This page is under construction. More details will be added as they become available.
Herzberg Memorial Public Lecture:
Monday, May 27, 19h30-20h30
Dr. John E. Moores
Science Advisor to the President, Canadian Space Agency & York University
John E Moores is the York Research Chair in Space Exploration, the Science Advisor to the President of the Canadian Space Agency and the Director of the Technologies for Exo/Planetary Science NSERC CREATE. He is a member of the Royal Society of Canada’s College of New Scholars, Artists and Scientists and the recipient of the Canadian Aeronautics and Space Institute’s 2022 McCurdy Award.

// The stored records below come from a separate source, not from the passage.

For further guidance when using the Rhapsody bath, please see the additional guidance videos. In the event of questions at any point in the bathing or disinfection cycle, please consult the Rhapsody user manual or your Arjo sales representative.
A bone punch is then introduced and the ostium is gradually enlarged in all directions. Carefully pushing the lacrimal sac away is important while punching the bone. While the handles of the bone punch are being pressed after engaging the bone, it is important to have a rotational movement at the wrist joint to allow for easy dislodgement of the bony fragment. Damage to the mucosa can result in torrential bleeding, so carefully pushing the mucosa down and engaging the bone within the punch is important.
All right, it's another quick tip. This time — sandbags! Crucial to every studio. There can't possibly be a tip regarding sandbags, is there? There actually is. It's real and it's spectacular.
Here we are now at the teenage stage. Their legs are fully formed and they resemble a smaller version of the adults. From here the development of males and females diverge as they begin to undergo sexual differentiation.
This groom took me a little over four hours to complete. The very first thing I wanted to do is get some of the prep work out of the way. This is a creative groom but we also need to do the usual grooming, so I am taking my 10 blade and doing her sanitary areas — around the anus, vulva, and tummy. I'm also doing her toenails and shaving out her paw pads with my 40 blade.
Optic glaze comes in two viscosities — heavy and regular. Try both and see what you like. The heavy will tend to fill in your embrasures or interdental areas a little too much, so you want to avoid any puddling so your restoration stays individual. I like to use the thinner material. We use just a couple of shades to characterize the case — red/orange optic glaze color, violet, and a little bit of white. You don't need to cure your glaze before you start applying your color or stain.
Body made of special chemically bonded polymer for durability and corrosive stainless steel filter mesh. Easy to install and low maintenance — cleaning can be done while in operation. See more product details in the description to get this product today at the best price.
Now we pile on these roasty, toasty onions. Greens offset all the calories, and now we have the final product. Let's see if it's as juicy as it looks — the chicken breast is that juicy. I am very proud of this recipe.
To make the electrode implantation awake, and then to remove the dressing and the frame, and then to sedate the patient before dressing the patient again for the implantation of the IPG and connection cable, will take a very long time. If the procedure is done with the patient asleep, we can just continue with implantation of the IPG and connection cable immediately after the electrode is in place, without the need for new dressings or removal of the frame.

John holds a B.A.Sc. from the University of Toronto and a Ph.D. from the University of Arizona in Planetary Science. An author on nearly 80 peer-reviewed publications in planetary science, John has also been a member of five NASA and ESA-led space mission teams and led the pre-selection development of the FROST Lyman-alpha imager manifested on the Canadian Lunar Rover currently in development, the first planetary exploration mission led by Canada. The contributions of his research group to robotic space exploration have been recognized with sixteen NASA group achievement awards. His first popular science book, Daydreaming in the Solar System, co-authored with colleague Jesse Rogerson, will be published by the MIT Press in October.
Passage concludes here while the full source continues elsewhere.